2. Hash-anchored signals
Every captured signal is hashed and committed to a public, append-only chain
(/registry) before the market resolves. The day's
combined_hash references the prior day's as prev_hash; tamper
with any past entry and every subsequent verification fails. Recompute from genesis:
from trench_core.registry import verify_chain
verify_chain("path/to/registry/") # raises ChainBroken if anything moved
Every entry on /log now carries a "🔗 chain" link to the registry day-record that proves its timestamp.
3. Replayable decisions
The framework is provider-agnostic — you supply the model caller, so the same code works against Anthropic, OpenAI, a local model, or a stub for tests. Re-running any captured cycle through a different model and diffing the parsed output stops being vibes:
from trench_core.replay import load_bundles, replay_bundle, diff_signals
bundles = load_bundles("bundles.jsonl")
result = replay_bundle(
bundle=bundles[-1],
model="claude-haiku-4-5",
model_caller=your_llm_call,
)
print(diff_signals(result.bundle.parsed, result.candidate_parsed))
# {'direction': {...}, 'confidence': {..., 'delta': -0.07}, ...}
4. Public, append-only losses
Every loss carries a written post-mortem. The diary is append-only — entries get added, never edited, never quietly removed. The RSS feed at /feed.xml gives you a snapshot you can diff against later. And every entry's timestamp is pinned by the hash chain (claim #2).

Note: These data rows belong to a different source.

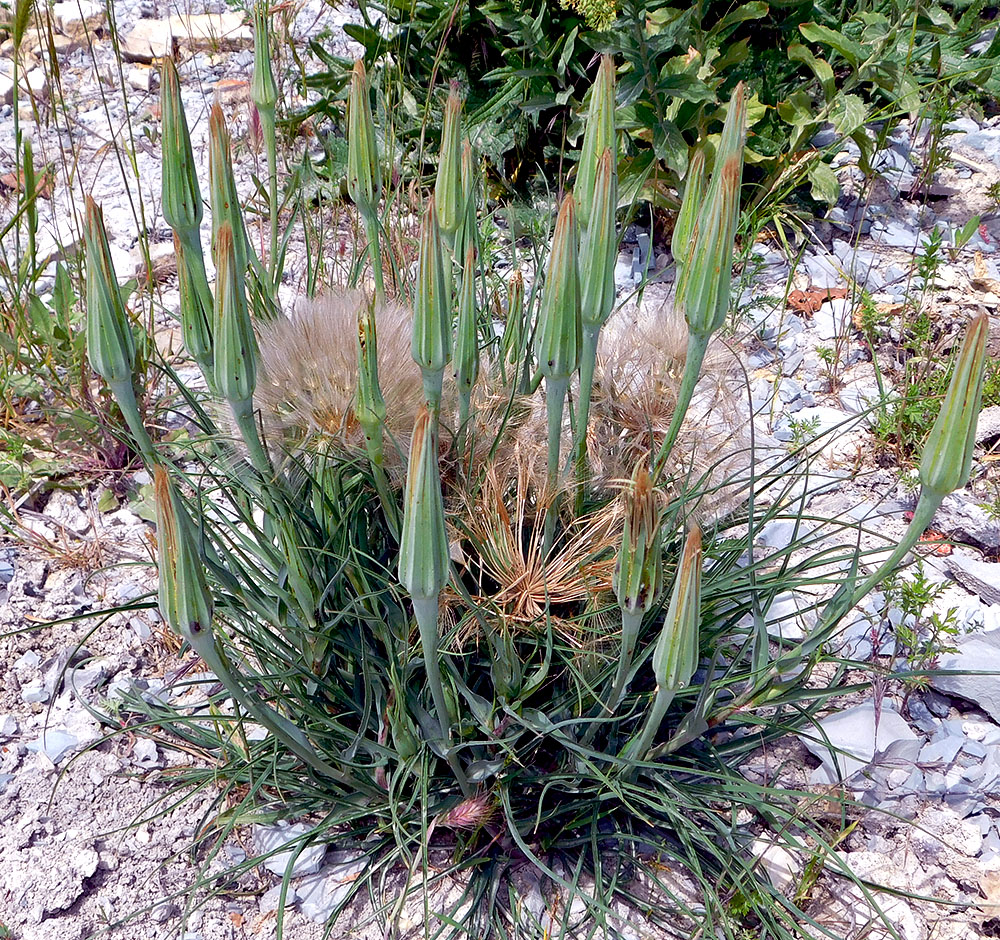 Изображение особи Tragopogon dubius.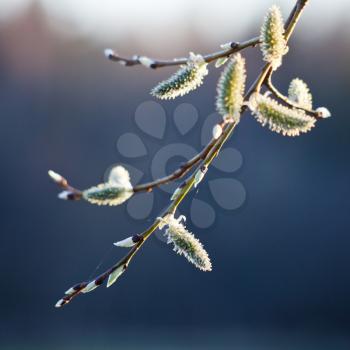 Goat Willow male catkins on twig close up in spring evening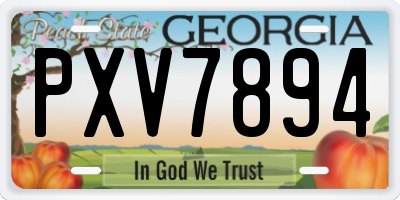 GA license plate PXV7894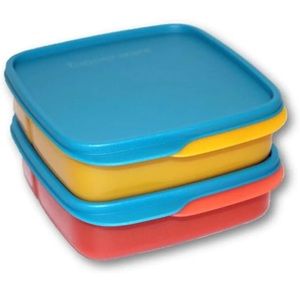 Tupperware divided lunch containers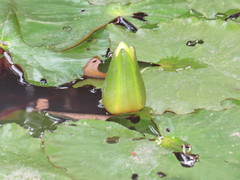 Nymphaea rudgeana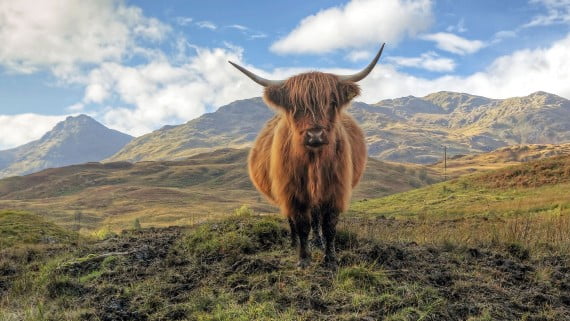 La famosa vaca de las Highlands, Escocia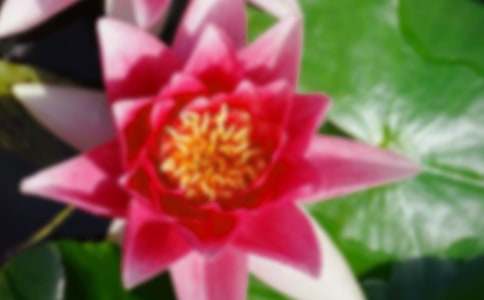 [�Ƽ�]���ɻ�����ѧ��˼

What's deliberately not in the framework
Some things stay private because they're domain-specific to TrenchSignals; some stay private because shipping them would require building deploy-target glue that doesn't generalize. Specifically:
- The seeded entities and source list — TrenchSignals' specific ontology of conflict markets is the work product, not the methodology. Bring your own.
- The decision-policy weights — the gates that turn a signal into a trade are tuned on private data and don't generalize.
- Trading APIs — Kalshi auth, Polymarket's EIP-712 / Builder /
Relayer stack. Both are too coupled to specific deployments. Subclass
KalshiPublicClientand add the auth layer if you need to trade. - Multi-provider AI abstraction — Anthropic-first by design. Wrap
your own analyzer for OpenAI; the
model_callersignature is intentionally small ((prompt, model) -> str) so any LLM works.
Status and what's next
The package is alpha — 0.x. Versions break between minor releases until
1.0.0. Pin exactly if you depend on it. The bot itself ran on this exact
framework before the extraction; the
changelog
describes each phase of the work.
Next: a public bundle export so anyone can replay TrenchSignals' own captured cycles,
not just their own. Watch the changelog for 0.9.x.
If you build something on top of trench-core — or find a bug, or want a
feature — open an issue on GitHub.
The framework is the same code that powers Trench in production; PRs that improve it
improve us too.
Acknowledgements
trench-core exists because a handful of agentic projects in adjacent spaces
are also building toward verifiable AI — pre-registration cultures in forecasting,
replay-bundle conventions in evals, calibration norms in superforecasting. We didn't
invent these. We assembled them into a stack that works for an agent that trades. If
you're shipping in any of these threads, say
hi — we'd rather build interop than fork.